We're officially moved in! Have a picture. It's the kitchen because that's the most furnished room right now.

I've been reading arsene lupin on my iPod--classic book app, since I finished The Disappearing Spoon this morning and the library is closed Sunday. We're going to go later today.

All the furniture so far is mostly mine, my bedroom aside--sofa bed, coffee table, end table, kitchen table & chairs, armchair. Besides that it's pretty bare, though Bailey's mum is getting us a futon for the back room soon (we pick it up today). We don't have internet either. I can steal from a neighbor but its fleeting, so I apologize for the lack of updates.

I went through Faine's boxes, with lots of exclamations of "Thanks Faine!!" in various tones of joy (dishes, spices) and confusion (so much cumin? like twelve ounces of cumin. not joking. also so many ponchos!). Her furniture is fantastic. We bleach-water-washed everything due to mom's fear of mold, polished the wood, vacuumed the upholstery, and unpacked the mysterious kitchen boxes that contained pots, pans, spices, food, and a mysterious pair of shoes. ??? okay.

This is fine for me because I love inheriting other people's stuff, I like getting furniture and boxes with odds and ends from someone else's life and going through it to see what they thought was important, what they kept and collected. I like things that already have life when they're given to you, and a good life, it's almost like you're expected to carry that into future generations. Same reason I love my grandparent's house: full of furniture (I suspect a good one-third or more of their furniture is hidden under beds and things, because they have more furniture than house. I told grandmom I'd buy a house so she'd have somewhere to keep her extra furniture), old books, old pictures, old things people have made.
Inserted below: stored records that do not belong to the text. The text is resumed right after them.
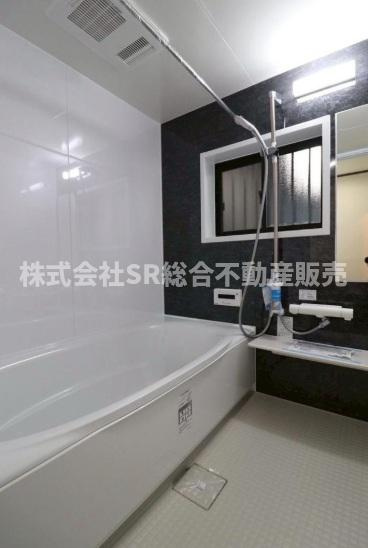 荒川3丁目中古戸建の浴室|足を伸ばしてゆったりと浸かれます♪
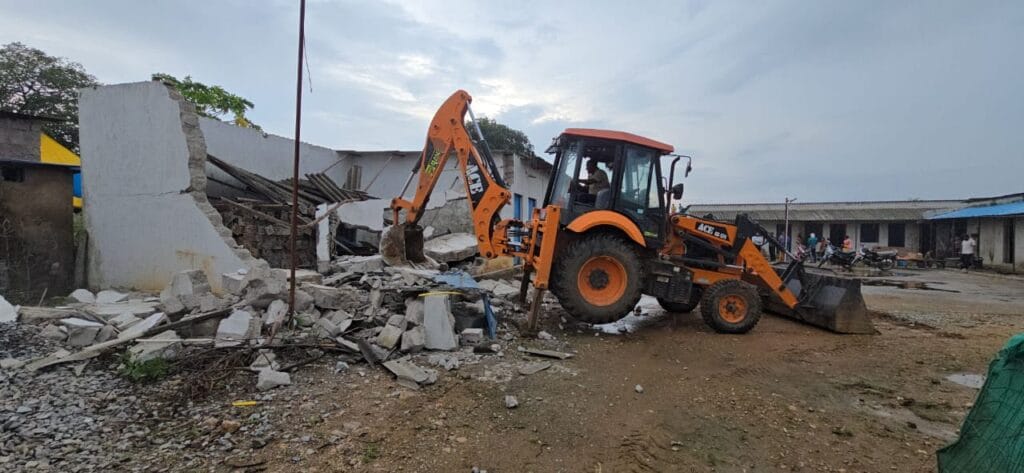 पत्रकार मुकेश चंद्राकर के हत्यारे के अवैध ठिकाने पर चला प्रशासन का बुलडोजर,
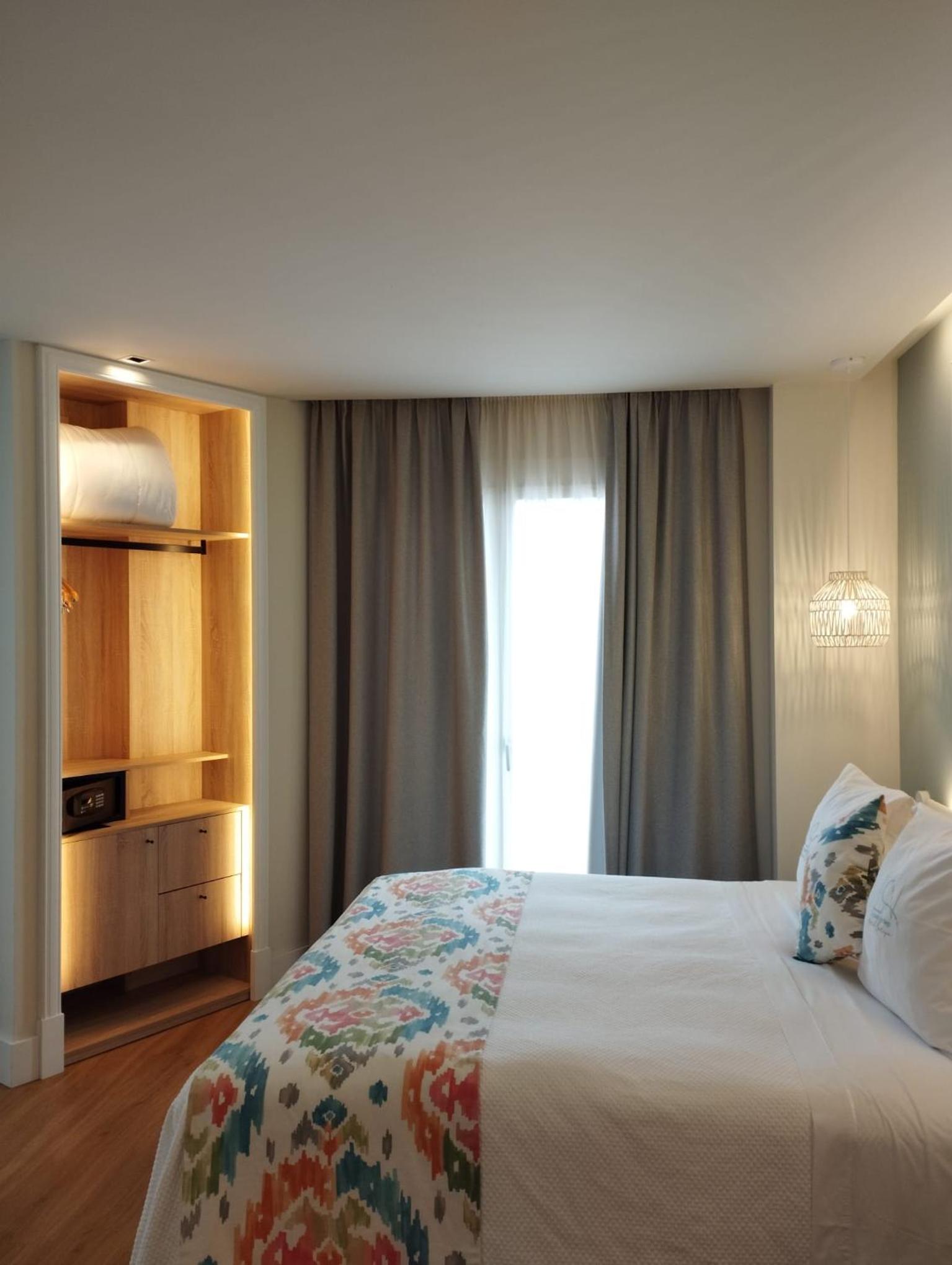 Superior Deluxe Double or Twin Room  - Photo 1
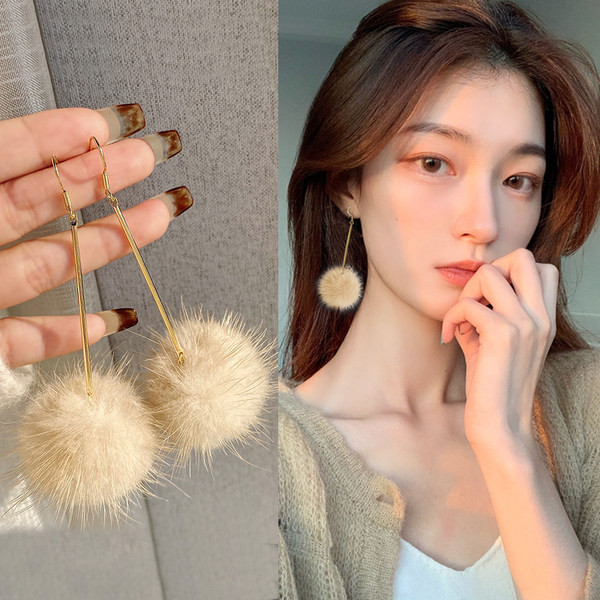 Cercei atârnați de damă cu bile de pluș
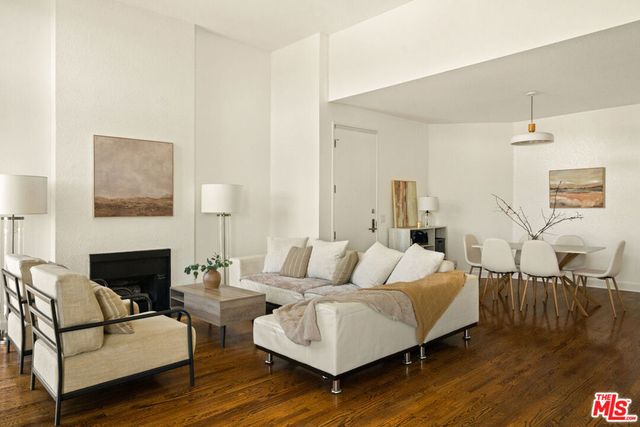 1310 N Detroit Street 401, Los Angeles, CA 90046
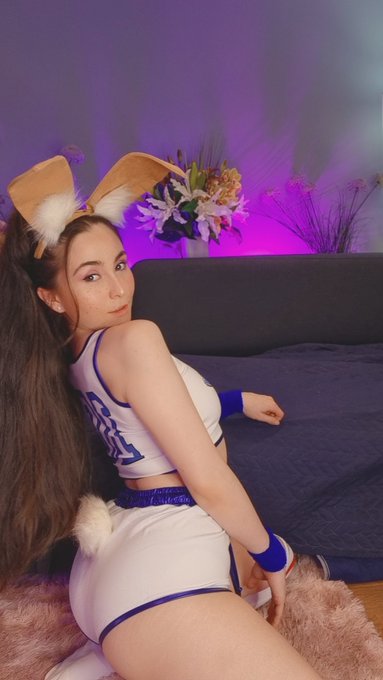 Lola bunny is live right now on @chaturbate  #chaturbatehalloween https://t.co/uHfmwEEJEL<a class="tags" href="/tag/chaturbate">@chaturbate</a><a href="/tag/chaturbatehalloween"class="tags">#chaturbatehalloween</a>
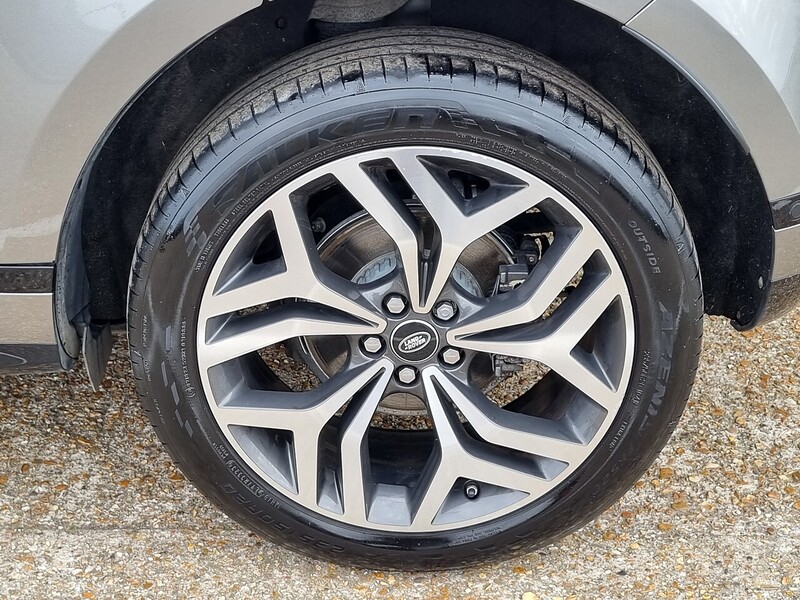 Land Rover D180 R-Dynamic HSE SUV 2.0 Automatic Diesel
There's a reason my purse right now is a carpetbag of unidentifiable age I found in my grandmother's closet. I like old things. Also mum said the mattress smelled like marijuana. Oh, Faine.

I'm still in a transition phase; that first week, from school to home or home back to school, is always disconcerting; I'm not sure what the routine is yet, I know what I would do at home but here? And it's always accompanied from a busy-to-nothing shift, from finals to staring at my room in KY, from MCAT-library-working-packing-crazy to moving in, with my most strenuous duties being grocery shopping and cooking dinner. It takes a while to get reoriented. I have confidence that things will be better when Evian gets here.
abigailnicole: (books)

I read Sam Kean's The Disappearing Spoon in the car on the way down, finishing up the last chapter yesterday in the apartment. It reminded me a lot of Bill Bryson's A Short History of Nearly Everything for the reason that they're both wacky science history books: books about the history of science and how these scientists actually came up with all the stuff we know now. This book, however, was just chemistry, instead of the catch-all of A Short History, and that's why I loved it....because I love chemistry. It's subtitled "and other true tales of Madness, Love, and the History of the World from the Periodic Table of the Elements" and !!! I love the periodic table. I got a periodic table app and was so excited because you can click on an element, and it give you the founder, and the date it was founded, and a picture of the most thermodynamically stable form of that element. :D So I was playing around with this and exclaiming to my mom: "Look, elemental sulfur!" until she was like "NICOLE GET A BOYFRIEND" (actual quote, I was hurt) but then it reminded her that she got this book for me.

I think I liked this so much because you're not given a science history lesson. You learn the Nernst equation and what Lewis acids and bases are, but not who Nernst and Lewis were. Gilbert Lewis, by the way, he of Lewis structures and the famous Lewis acids (electron pair acceptor!) and bases (electron pair donor!), was a brilliant scientists who contributed to our knowledge of how electrons are important in bonding in atoms. He got passed over for the Nobel prize five times :( and eventually killed himself with cyanide gas after one of his younger, more attractive students won the Nobel prize. Tons of his students won the Nobel, by the way. Poor dude.

But that's just an example. Besides giving a brief history of almost all the elements (it get a little jumbled, just because there are so many and transition metals are all very similiar) and how they were founded, you also find out fun things like which one is the most rare? (actinium) and why? (radioactivity: there are only 20 ounces in the whole world). I suspect if you don't like chemistry you won't find this engaging at all--some prior knowledge of chemistry will definitely make you a lot more familiar with the concepts, but I don't know if someone who doesn't like chemistry or knows nothing about it would be able to keep up.

That being said, I want everyone who's taken AP or college chemistry to read this book, maybe before your second semester. It'll make the subject matter a lot more interesting and give life to those equations you've blown off all year.